→ **Try it**
Skip all pictures. Set down only the lines starting at the line containing "China Unfrmented Chinese" and running to the end of the listing.

→ **Input records**
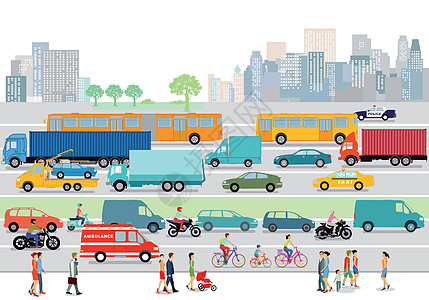 汽车拥有公路交通和行人的大城市插画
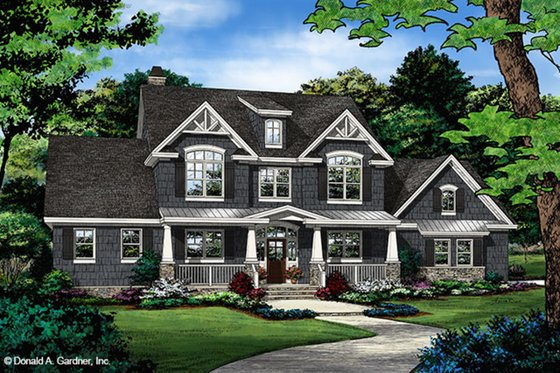 Exterior - Front Elevation 3 for Craftsman House Plan #929-60 - 4 bed, 3.5 bath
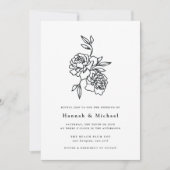 Secret Garden bruiloft uitnodiging | inkt (Voorkant)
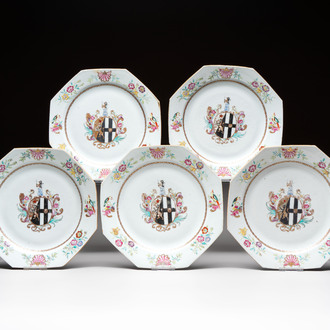 Five Chinese famille rose armorial plates with the arms of Simpson impaling Brydges for the English market, Qianlong, ca. 1760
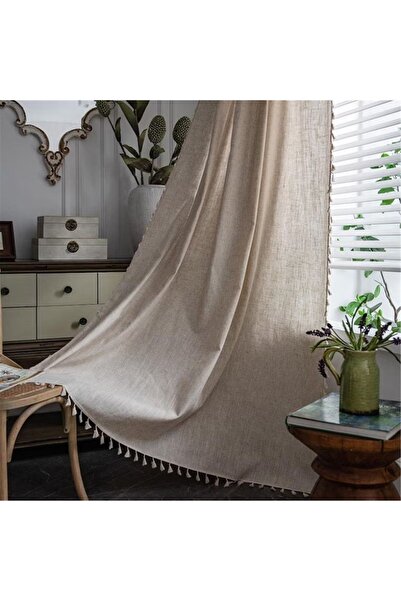 HOME ART ATELIER hand made Keten Bohem Tarz Püsküllü  Fon Perde (EN X BOY) - ...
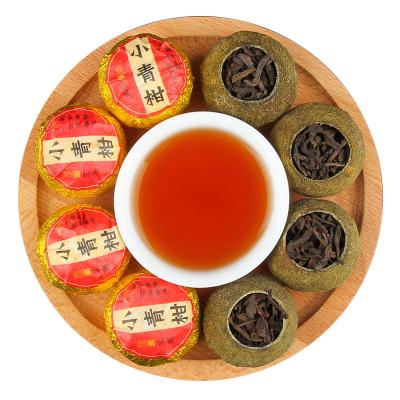 China Unfrmented Chinese Mandarin Tangerine Peel Dragon Pearls Balls Old Trees Loose Tea Citrus Organic Chinese Pu'er Tea for sale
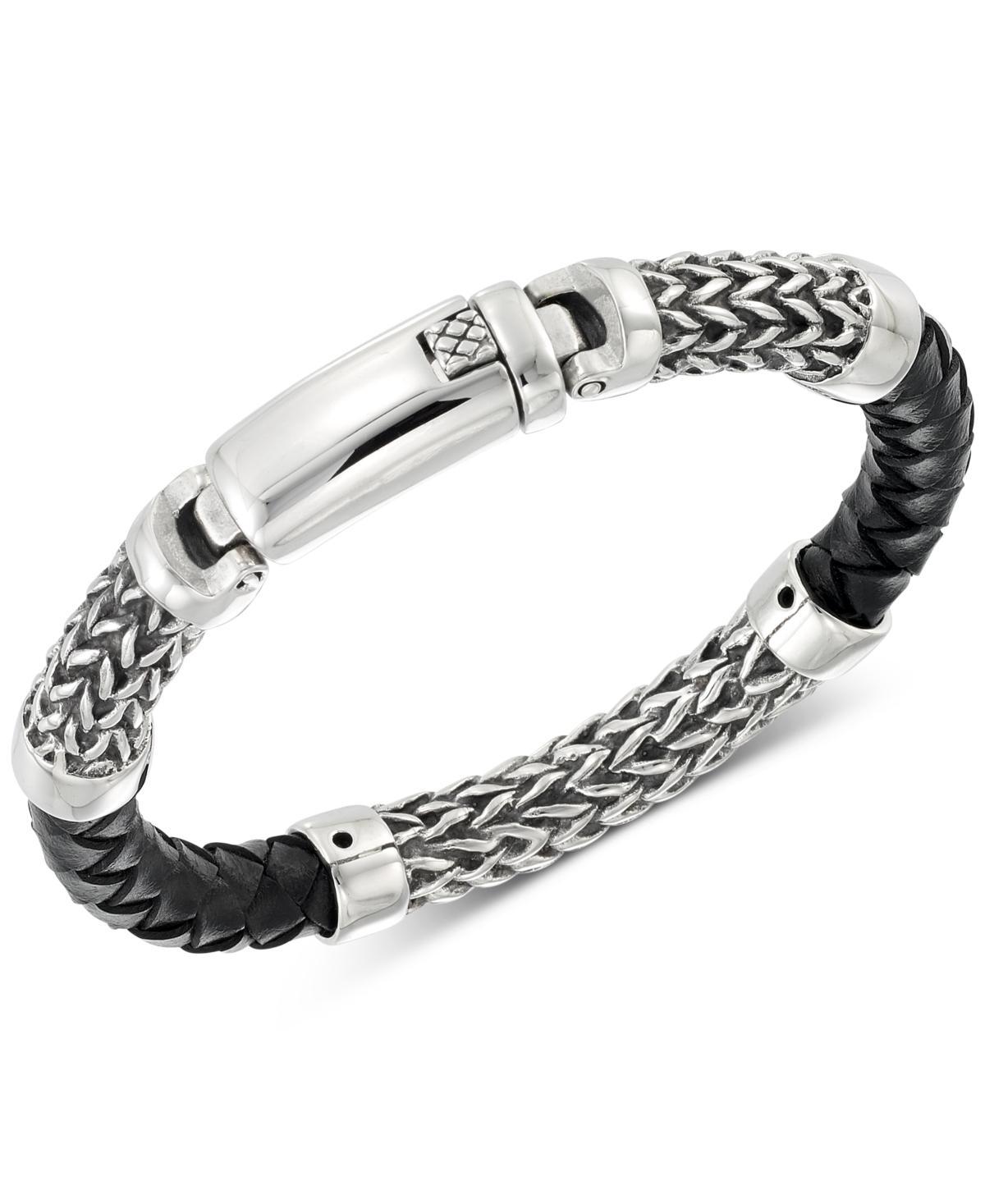 Legacy for Men by Simone I. Smith Black Leather Bracelet Stainless Steel Product Image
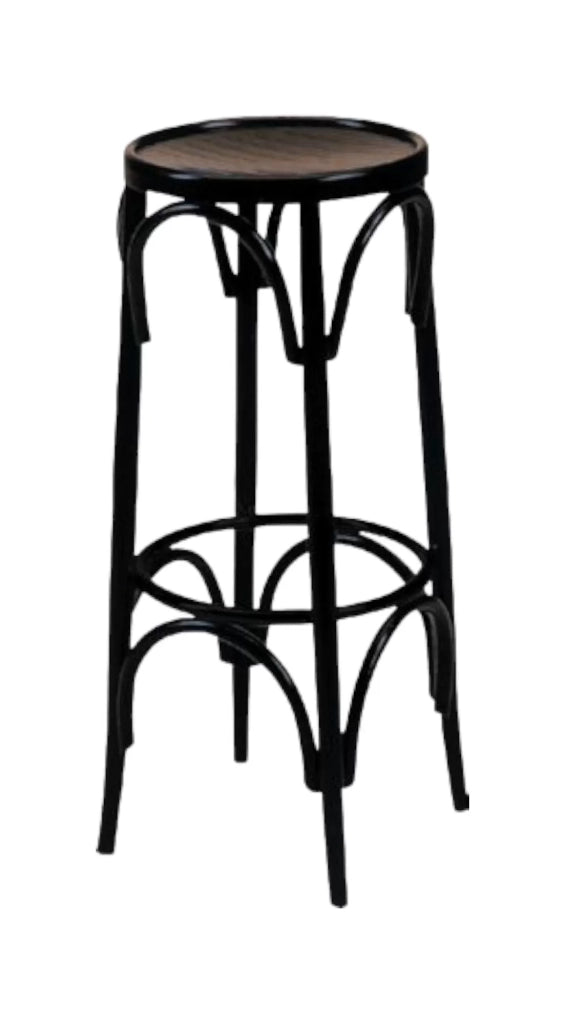 Sgabello bistrot legno laccato nero seduta legno 36x36x72 - Mobili 2G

→ **Written solution**
 China Unfrmented Chinese Mandarin Tangerine Peel Dragon Pearls Balls Old Trees Loose Tea Citrus Organic Chinese Pu'er Tea for sale
 Legacy for Men by Simone I. Smith Black Leather Bracelet Stainless Steel Product Image
 Sgabello bistrot legno laccato nero seduta legno 36x36x72 - Mobili 2G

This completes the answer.